** What to produce **
From the first line to the last, output the data exactly as it stands, minus its pictures.

** Data excerpt **
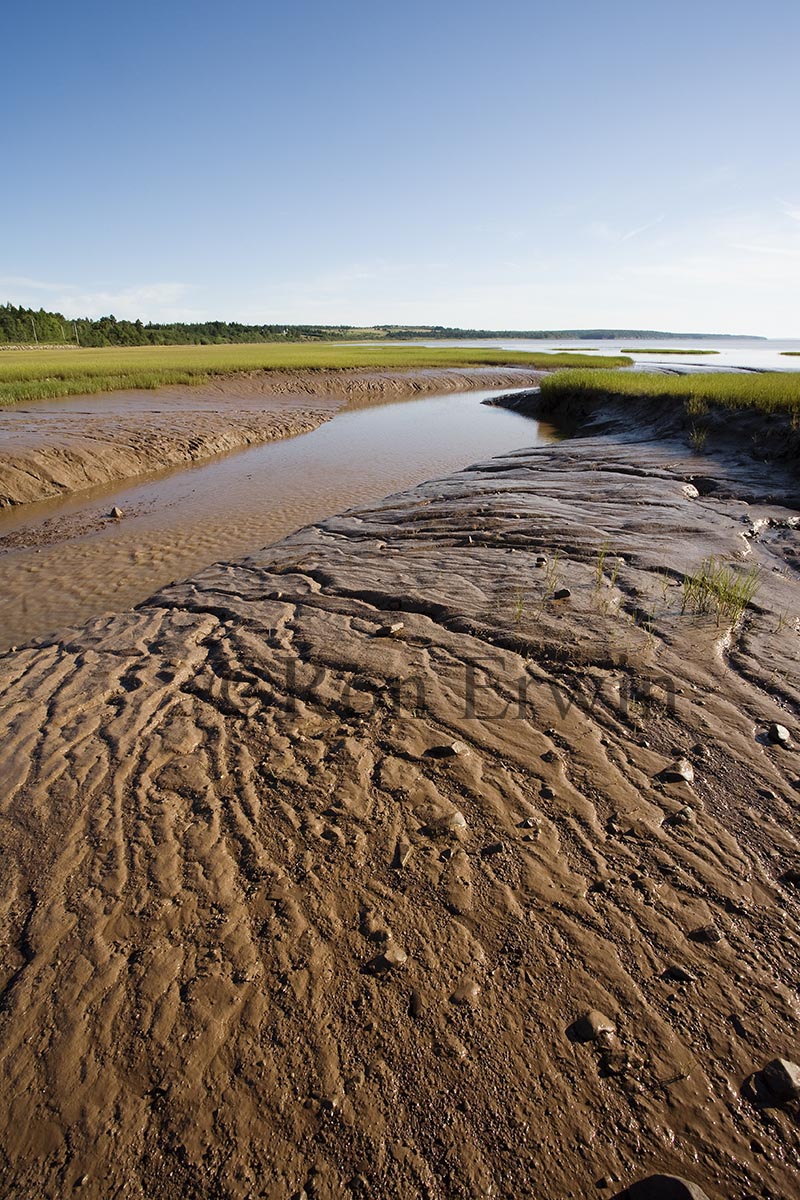 Fundy Mud, NB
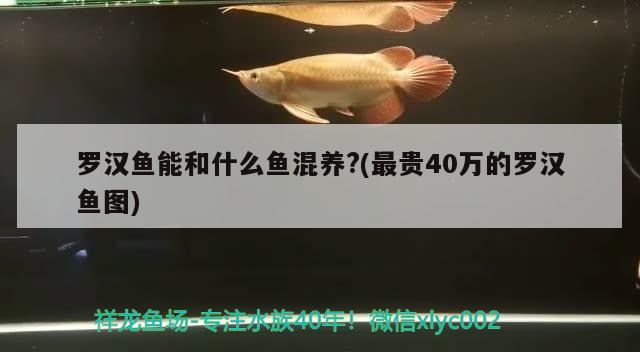 羅漢魚能和什么魚混養(yǎng)?(最貴40萬的羅漢魚圖) 羅漢魚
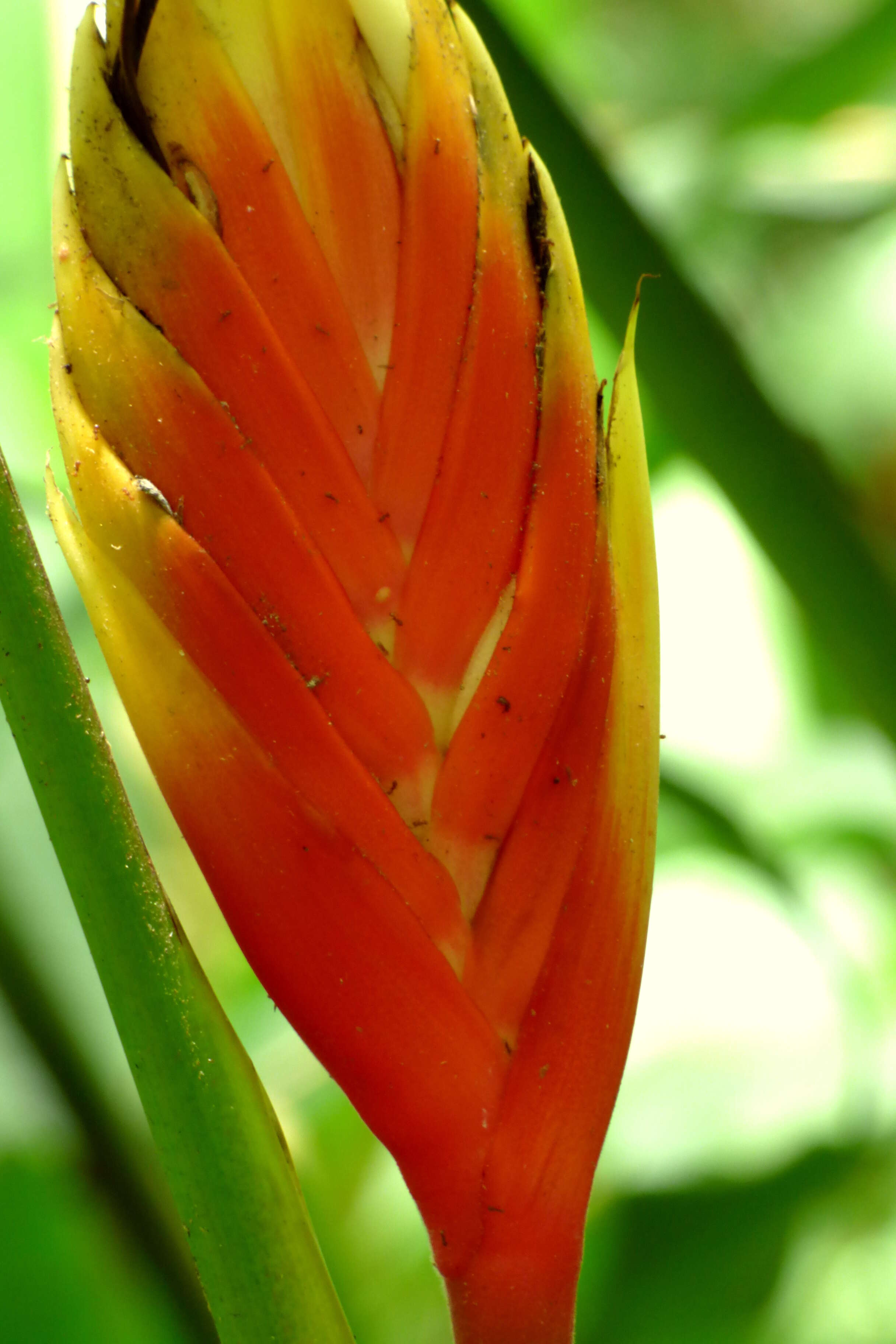 Image of Heliconia episcopalis Vell.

** Task answer **
 Fundy Mud, NB
 羅漢魚能和什么魚混養(yǎng)?(最貴40萬的羅漢魚圖) 羅漢魚
 Image of Heliconia episcopalis Vell.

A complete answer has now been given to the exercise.